=== Provided data ===

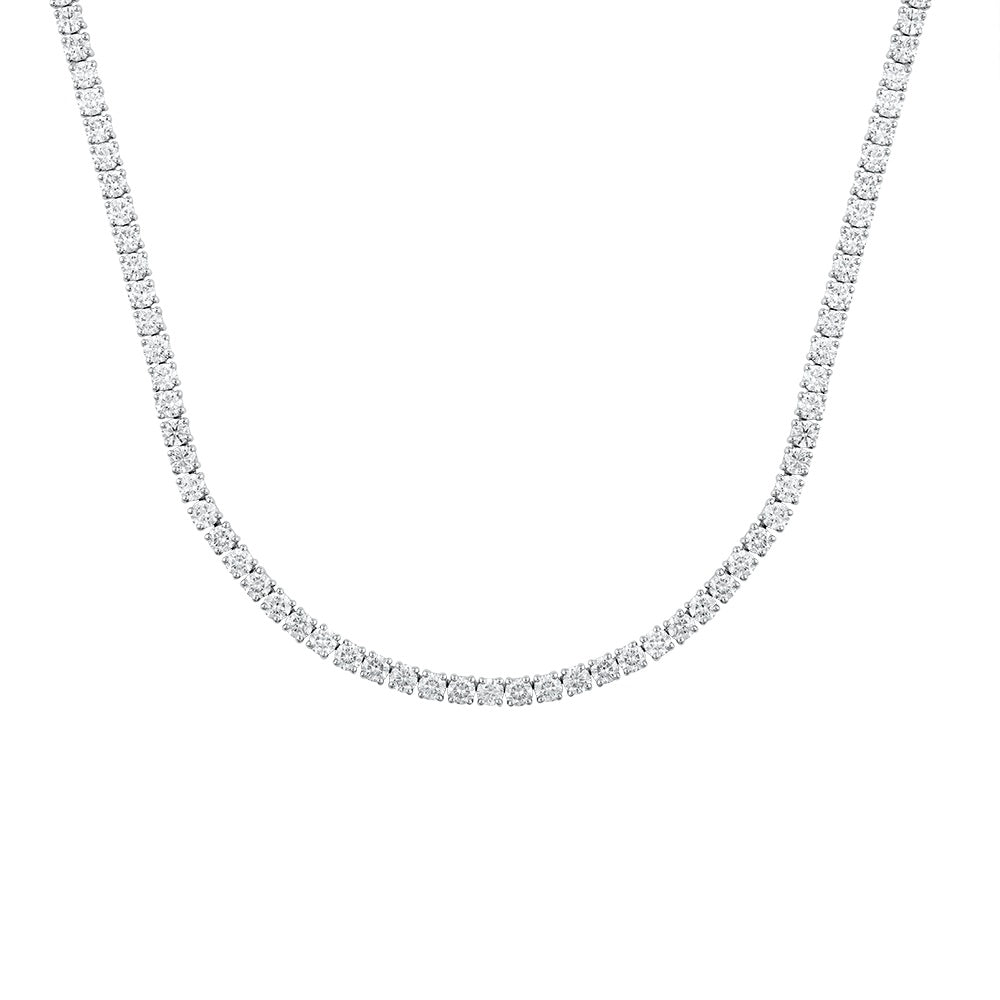 14K White Gold Lab Grown Round Diamond Line Necklace 15.12ctw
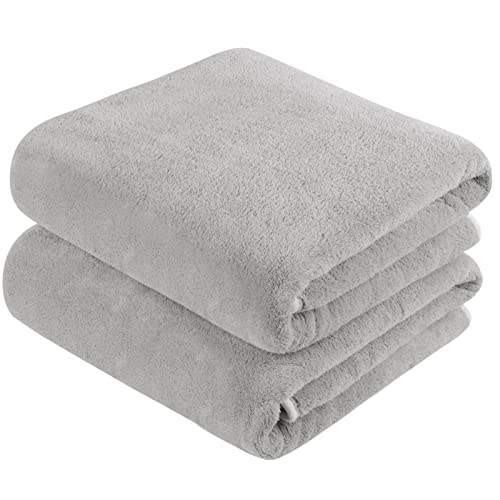 KinHwa Toalla de baño Extra Grande y Suave Toalla Microfibra Ultra Absorbente para Agua de Secado 2Pack Gris Cover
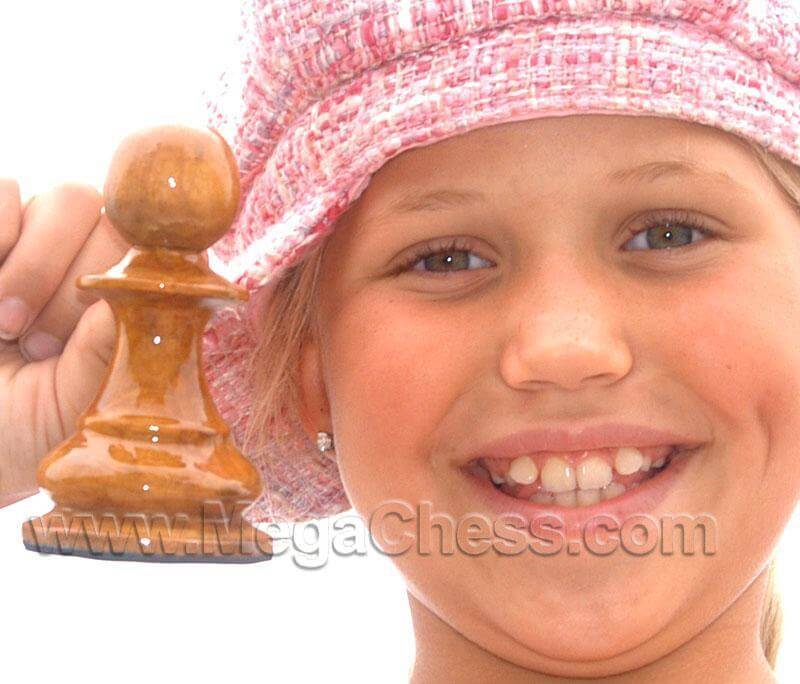 Mega Chess Buy Individual Chess Pieces MegaChess 4 Inch Light Teak Pawn Giant Chess Piece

===

Goal of the exercise: Pictures excluded, write out exactly and only the lines of the material from the one containing "KinHwa Toalla de" up to and including the last line.

Response area:
 KinHwa Toalla de baño Extra Grande y Suave Toalla Microfibra Ultra Absorbente para Agua de Secado 2Pack Gris Cover
 Mega Chess Buy Individual Chess Pieces MegaChess 4 Inch Light Teak Pawn Giant Chess Piece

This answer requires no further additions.